**Input**
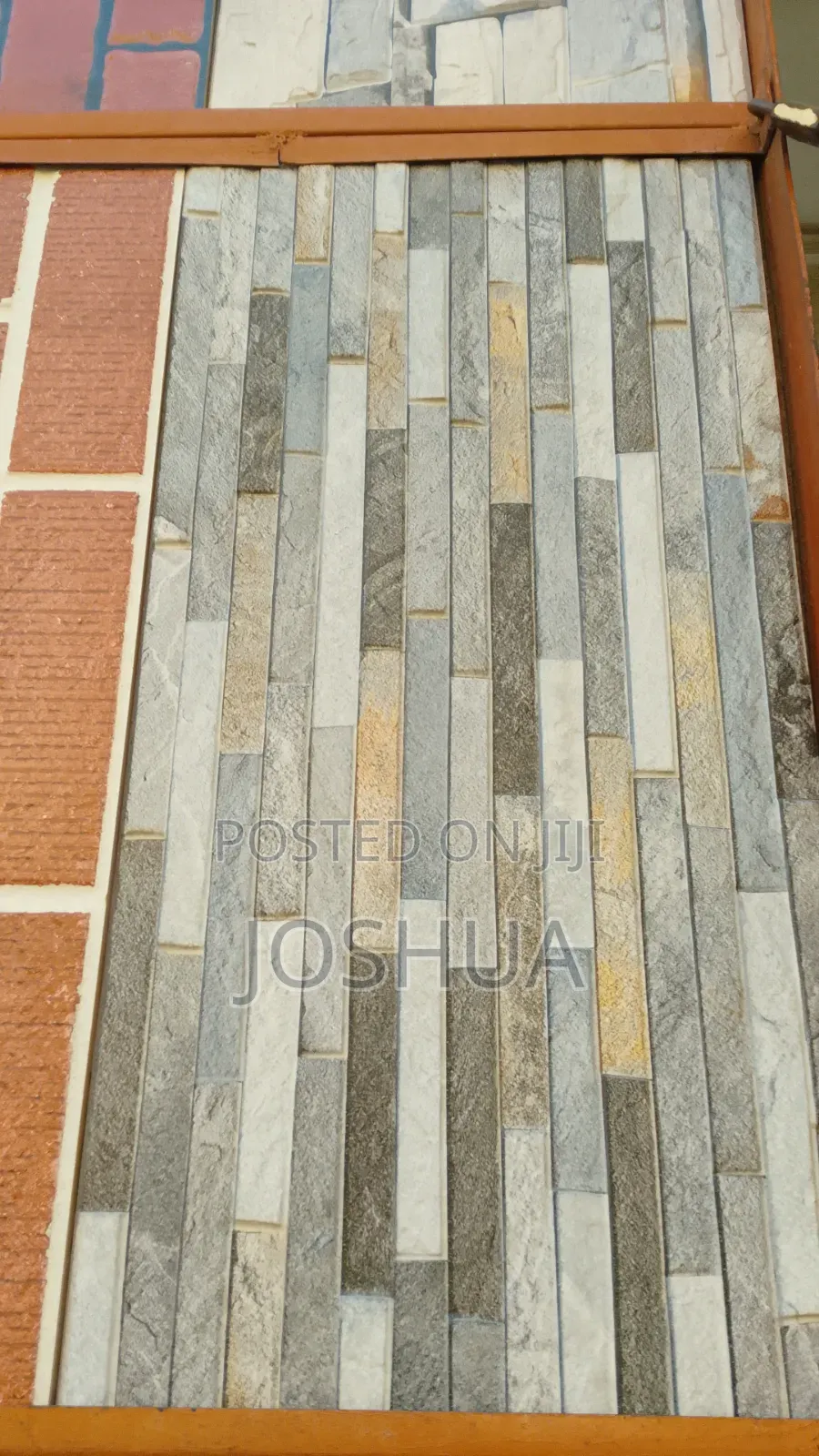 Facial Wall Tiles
--
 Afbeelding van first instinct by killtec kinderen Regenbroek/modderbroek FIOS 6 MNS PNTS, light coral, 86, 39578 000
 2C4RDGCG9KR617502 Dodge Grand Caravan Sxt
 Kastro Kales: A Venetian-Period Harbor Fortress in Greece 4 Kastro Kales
...
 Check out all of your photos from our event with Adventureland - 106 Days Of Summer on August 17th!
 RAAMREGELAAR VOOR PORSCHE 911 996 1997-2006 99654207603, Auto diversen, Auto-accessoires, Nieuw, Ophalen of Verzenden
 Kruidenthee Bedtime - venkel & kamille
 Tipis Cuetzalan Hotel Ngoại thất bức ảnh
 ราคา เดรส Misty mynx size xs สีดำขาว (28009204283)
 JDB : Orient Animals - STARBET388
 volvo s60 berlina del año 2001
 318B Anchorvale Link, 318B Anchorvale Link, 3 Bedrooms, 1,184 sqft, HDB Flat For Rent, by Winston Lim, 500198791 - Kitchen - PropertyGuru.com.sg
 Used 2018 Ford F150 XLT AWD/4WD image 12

**Exercise aim**
The lines above starting at the one that contains "ราคา เดรส Misty" and ending at the one that contains "Used 2018 Ford F150 XLT AWD/4WD image 12" must be transcribed exactly, and no other lines may appear.

**Result of the exercise**
 ราคา เดรส Misty mynx size xs สีดำขาว (28009204283)
 JDB : Orient Animals - STARBET388
 volvo s60 berlina del año 2001
 318B Anchorvale Link, 318B Anchorvale Link, 3 Bedrooms, 1,184 sqft, HDB Flat For Rent, by Winston Lim, 500198791 - Kitchen - PropertyGuru.com.sg
 Used 2018 Ford F150 XLT AWD/4WD image 12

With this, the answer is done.